Writing is a very personal experience. As an author I have “given birth” to characters. I’ve named them, given them quirks, personalities, and appearances. I have grown with them and come to love them. They play in my head, telling me where their stories should go, often times arguing with me over creative differences. Their story is my creation, brought to life over blood, sweat and tears. It’s only logical that sharing is often times scarier then putting pen to paper (or finger to keyboard).
Yet we often write for an audience. We write in hopes that someone will love our characters as much as we do. Now that I am a mother of a living breathing human being I can see the similarities. I want my son to be liked. And should he ever choose a mate I would want that mate to love him as I do, in her own special way, of course.
Those first few steps in sharing a beloved novel are nerve wracking. Finger nail biting. Cold sweat inducing. Those precious few who are the first to peek at the novel, the first to offer criticism, are often met with resistance. We know our work needs improvement. Doesn’t make it any easier to swallow.
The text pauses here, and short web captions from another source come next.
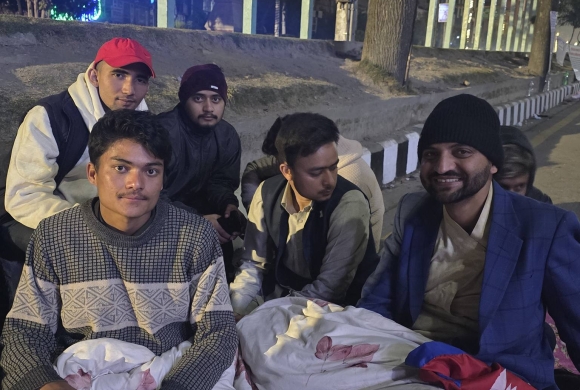 प्रधानमन्त्री र गृहमन्त्रीको राजीनामा माग्दै डा. निकोलस भुसाल आमरण अनशनमा
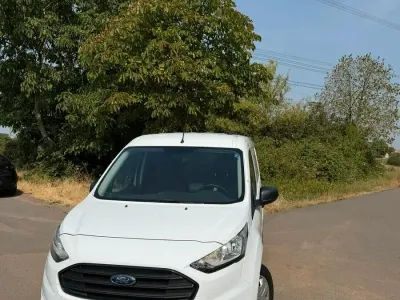 Gebraucht Ford Transit Connect 101 PS (74 kW) 2020 Weiß Van / Kleinbus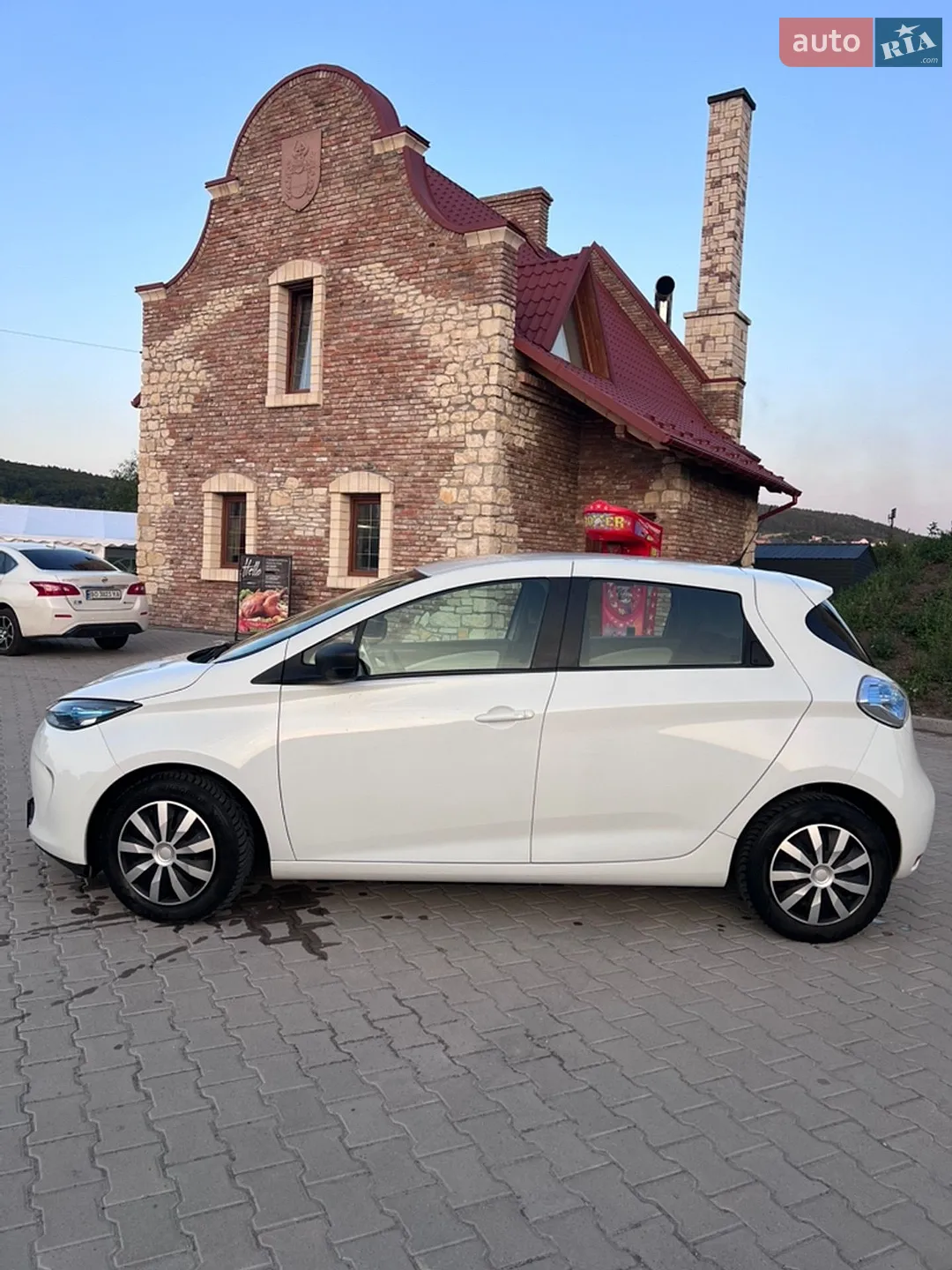 2017 Renault ZOE - мініатюра 18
Even after years and years of edits it’s still scary. Starting this blog was one step out of my comfort zone. I remind myself that as the author of a finished piece of work I AM a WRITER. However just a little bit of criticism leads me to wonder: Am I a BAD writer, or a GOOD writer?
In all truth there will be good and bad in every novel. It’s aesthetics, personal taste. What one person likes another can’t get into. Sometimes bad writing can have an excellent story line. Sometimes good writing can have a lacking storyline. Sometimes all come together in a masterpiece.
Currently I am hoping there is more good then bad in my first novel. I am proud of it. As a storyteller I feel I have a lot to say. Perhaps as a writer mom I am not ready to fully let go. For that means having a thick skin. Being open to criticism. Drowning it out in a box of chocolates. And searching for the few or many that have positive things to say.
For someone, somewhere, will like your work. Will like my work. It’s all about finding the right audience at the right time.
More importantly: never give up. My characters deserve the chance to live in someone else’s head for a little while. They’ve grown much to comfortable in mine.